| « New Feature: Clock | Bus passes » |
The 1950s song "Teen Angel," by Mark Dinning, tells the story of a teenage boy and his girlfriend, who are involved in an automobile accident at a railroad crossing, and they both escape the wreck okay, but she runs back to the accident to get the high-school ring her boyfriend gave her, and in the process is hit and killed by the train.
I guess we can say something like "thank goodness she got killed," which sounds callous and cruel, but think about it. If she's stupid enough to run back to an automobile to get a memento which they probably could have bought another one for the equivalent today of $50 (probably bought for $3-$5 then), she probably would have married this kid, and they'd have popped out a bunch of kids with the same defective genetic material that makes them stupid enough to run into danger for trivial reasons.

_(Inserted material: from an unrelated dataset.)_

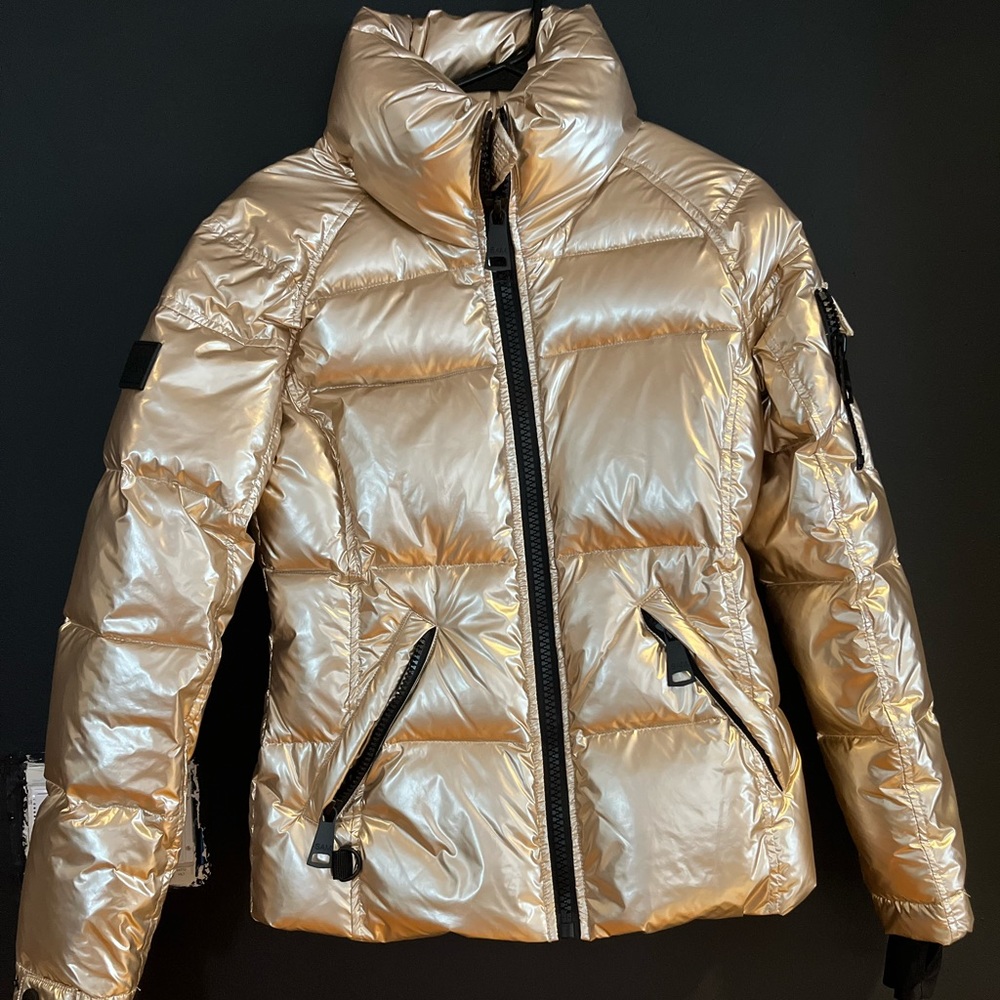 SAM NYE - Freestyle Down Puffer Jacket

I crossed a railroad crossing without enough room once, and only once. I made a stupid mistake in which I wasn't thinking. It was the longest 30 seconds in my life waiting for the light to change, and probably praying to God a train didn't come by. I never made that mistake again. Harmless error, but I learned.

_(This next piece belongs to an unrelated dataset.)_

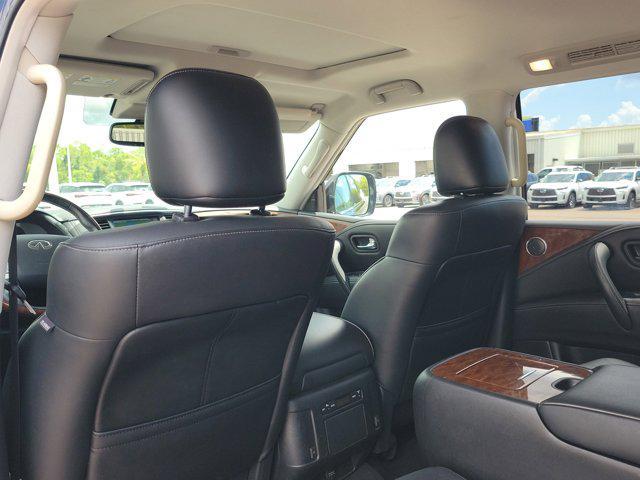 used 2019 INFINITI QX80 car, priced at $25,580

But what causes someone to run onto a railroad track to get a probably replaceable trinket merely because of sentimental value? Someone who isn't thinking. Now the question comes up, did she not know the train was coming, or did she hear it and think she could retrieve his ring in time?
Maybe I'm overanalyzing an old pop song which might simply be a story the writer made up, but if something like that did happen, I wonder sometimes how so many people lived long enough to grow old. Perhaps it's a matter of chance; I made a mistake once crossing a railroad track without making sure I had escape clearance, but it was harmless because nothing happened. Other people weren't so lucky.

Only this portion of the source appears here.